La continuité contre-révolutionnaire

Comme Giorgio Locchi, Adriano Romualdi et plus récemment Philippe Baillet, Chapoutot place le national-socialisme dans une « continuité contre-révolutionnaire », qui se nourrit du romantisme exaltant le retour à la tradition mais dans le cadre du Peuple et de la Nation, de conserve avec une découverte, encore pré-scientifique, des concepts raciaux. Il souligne l'hostilité des nationaux-socialistes pour la Révolution française et ses principes.

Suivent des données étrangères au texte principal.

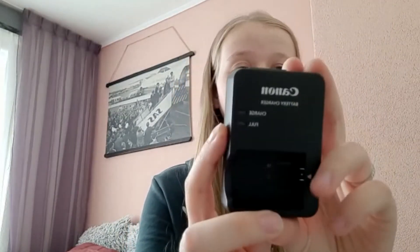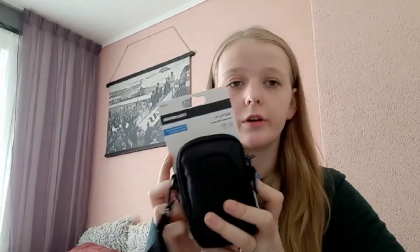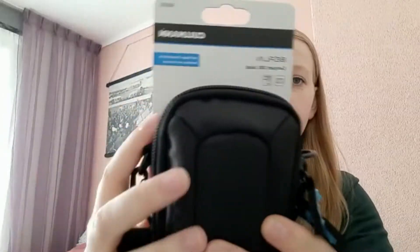Next is the battery charger with the adapter and then the battery itself. I only got one battery, so maybe I'm going to buy one more so I can use one while the other is charging. It also has this small thing you can put on your camera so it can hold onto your wrist. I also bought this camera case from Coolman — as you can see the camera fits perfectly.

Chapoutot donne en exemple le discours du 1er avril 1933 de Goebbels, qui clame « nous avons effacé l'année 1789 de l'histoire allemande » ou la déclaration de Rosenberg en 1934, suivant laquelle « avec la révolution nationale-socialiste, la philosophie et la pensée juridique de la Révolution française prennent fin ». Chapoutot écrit donc que si le national-socialisme a été révolutionnaire, il l'a été au sens pré-révolutionnaire du terme, puisque, en fait, la réflexion normative nazie veut retrouver la « nature et la naissance de la race, enfouie sous les sédiments de siècles d'acculturation judéo-chrétienne ». De manière proprement contre-révolutionnaire, la « révolution », dans le lexique national-socialiste, signifie « retour circulaire à l'origine  », ce qui était bien le sens du mot avant que les révolutionnaires français ne s'en saisissent dans les années 1780-1790. Chapoutot insiste sur le fait que « l'archétype nazi, c'est bel et bien l'archaïque : cet homme ancien dont on va retrouver la beauté grâce à la statuaire grecque, dont on va refaire le corps grâce au sport et à la médecine, et dont on va retrouver l'instinct grâce à la science ».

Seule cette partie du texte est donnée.